Actor-Writer Spalding Gray Missing
NEW YORK - Acclaimed actor-writer Spalding Gray, who has battled depression since a 2001 car crash, was missing Tuesday after disappearing from his Manhattan home over the weekend, police said.
Police in New York City and Long Island had joined in the search for the 62-year-old actor, who is noted for his one-man shows in which he tells of his life in artful, witty monologues.
Gray keeps homes in New York City and in the Hamptons.
Police confirmed that neither Gray nor his wife, Kathleen Russo, had visited their Long Island home since Christmas, said Southampton police Lt. William Armstrong.
His wife reported Gray missing over the weekend. Police were also checking a report that Gray may have been planning a ski trip to Colorado.
A head-on car crash during a 2001 vacation in Ireland left Gray disheartened and in poor health, and he tried jumping from a bridge near his Long Island home in October 2002.
He was twice hospitalized for depression after the crash, and his suicide attempt canceled the run of a new solo piece, "Black Spot." Gray's mother committed suicide when she was 52.
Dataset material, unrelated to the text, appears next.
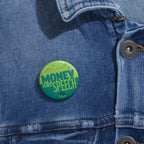 "Money Is Not Speech" Political Activism Campaign Pin Button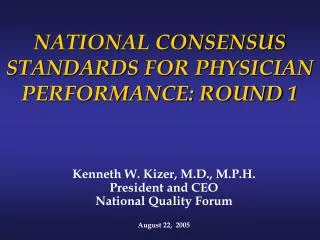 NATIONAL CONSENSUS STANDARDS FOR PHYSICIAN PERFORMANCE: ROUND 1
New York police, who were leading the investigation, offered no details on the search for Gray, who also appeared on Broadway and in films including "Beaches" (1988) and "Kate and Leopold" (2001). In the 1993 Steven Soderbergh film "King of the Hill," Gray plays an eccentric bachelor who kills himself.
Gray won an Obie for his one-man show "Swimming to Cambodia," based in part on his work on the film "The Killing Fields." The monologue was later turned into a movie. He also co-founded the experimental Wooster Group theater, and appeared in a Tony-winning revival of "Our Town."
In his monologue "It's a Slippery Slope," Gray tells the audience he had to overcome a deep depression associated with his turning 52 -- the age his mother was when she committed suicide. It also weaves in reminiscences about boarding school and college days in New England, life in New York City and learning how to ski.
"When I'm doing my monologue, I'm in my element," he said in a 1997 Associated Press interview. "I am most me when I'm on stage. I'm getting closer to enjoying life. I tell my edited life story with ... more energy than the way I live my life."